ASSIGNMENT: Return the whole listing exactly, omitting the pictures.

EXERCISE DATA:

■ ■ ■

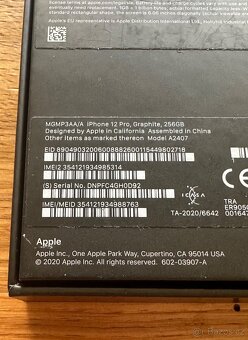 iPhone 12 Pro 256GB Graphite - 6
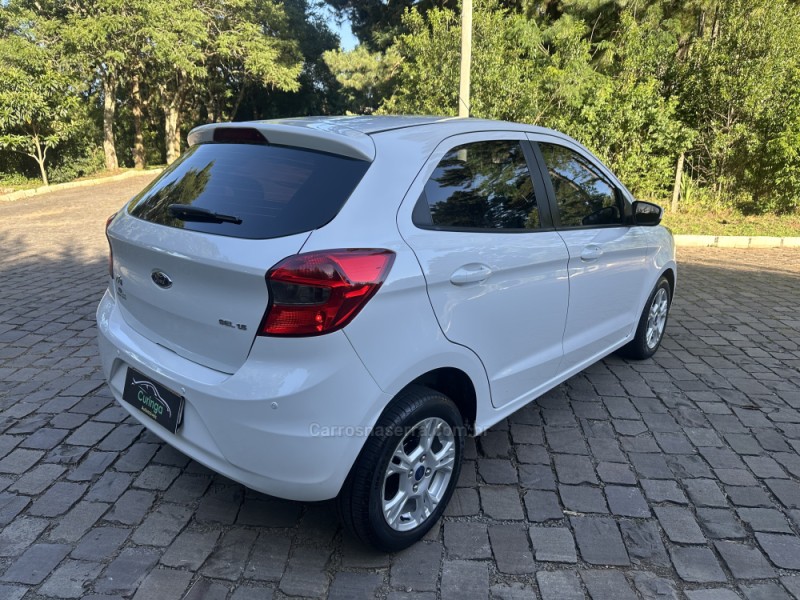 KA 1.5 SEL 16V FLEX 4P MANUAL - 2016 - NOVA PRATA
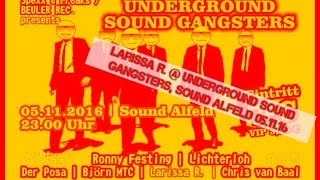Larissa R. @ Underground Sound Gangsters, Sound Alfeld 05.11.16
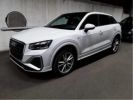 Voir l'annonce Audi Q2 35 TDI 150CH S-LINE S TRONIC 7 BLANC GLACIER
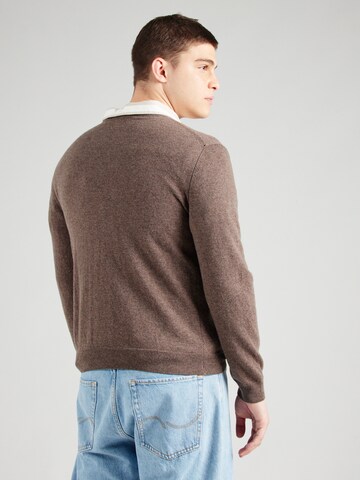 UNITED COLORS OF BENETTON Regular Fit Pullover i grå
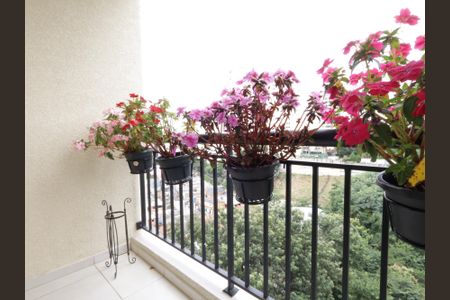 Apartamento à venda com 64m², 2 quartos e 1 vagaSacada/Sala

■ ■ ■

TASK SOLUTION:
 iPhone 12 Pro 256GB Graphite - 6
 KA 1.5 SEL 16V FLEX 4P MANUAL - 2016 - NOVA PRATA
Larissa R. @ Underground Sound Gangsters, Sound Alfeld 05.11.16
 Voir l'annonce Audi Q2 35 TDI 150CH S-LINE S TRONIC 7 BLANC GLACIER
 UNITED COLORS OF BENETTON Regular Fit Pullover i grå
 Apartamento à venda com 64m², 2 quartos e 1 vagaSacada/Sala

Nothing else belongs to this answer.